WHAT THE TASK ASKS:
Quote the lines below exactly, from the one that holds "Fintie Dual-Holder for" through the final line of the records, and only those.

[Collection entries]
-------

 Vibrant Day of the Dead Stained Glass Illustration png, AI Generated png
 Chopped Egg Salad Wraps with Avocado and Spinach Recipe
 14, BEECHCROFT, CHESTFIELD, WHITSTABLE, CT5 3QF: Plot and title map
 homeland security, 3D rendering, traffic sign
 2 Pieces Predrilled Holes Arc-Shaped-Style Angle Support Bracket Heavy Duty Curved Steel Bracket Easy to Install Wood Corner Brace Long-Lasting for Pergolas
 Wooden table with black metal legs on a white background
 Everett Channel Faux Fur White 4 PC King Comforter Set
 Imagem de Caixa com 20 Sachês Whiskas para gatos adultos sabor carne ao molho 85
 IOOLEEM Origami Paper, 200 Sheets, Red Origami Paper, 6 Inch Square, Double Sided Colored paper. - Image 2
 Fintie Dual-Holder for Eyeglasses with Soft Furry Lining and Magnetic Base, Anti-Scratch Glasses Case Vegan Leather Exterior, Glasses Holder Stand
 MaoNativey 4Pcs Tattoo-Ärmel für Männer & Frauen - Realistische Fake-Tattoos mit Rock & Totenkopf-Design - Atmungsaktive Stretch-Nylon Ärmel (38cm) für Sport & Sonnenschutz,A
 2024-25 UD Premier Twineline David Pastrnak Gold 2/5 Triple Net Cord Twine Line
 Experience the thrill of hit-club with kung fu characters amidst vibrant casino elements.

-------

TASK OUTPUT:
 Fintie Dual-Holder for Eyeglasses with Soft Furry Lining and Magnetic Base, Anti-Scratch Glasses Case Vegan Leather Exterior, Glasses Holder Stand
 MaoNativey 4Pcs Tattoo-Ärmel für Männer & Frauen - Realistische Fake-Tattoos mit Rock & Totenkopf-Design - Atmungsaktive Stretch-Nylon Ärmel (38cm) für Sport & Sonnenschutz,A
 2024-25 UD Premier Twineline David Pastrnak Gold 2/5 Triple Net Cord Twine Line
 Experience the thrill of hit-club with kung fu characters amidst vibrant casino elements.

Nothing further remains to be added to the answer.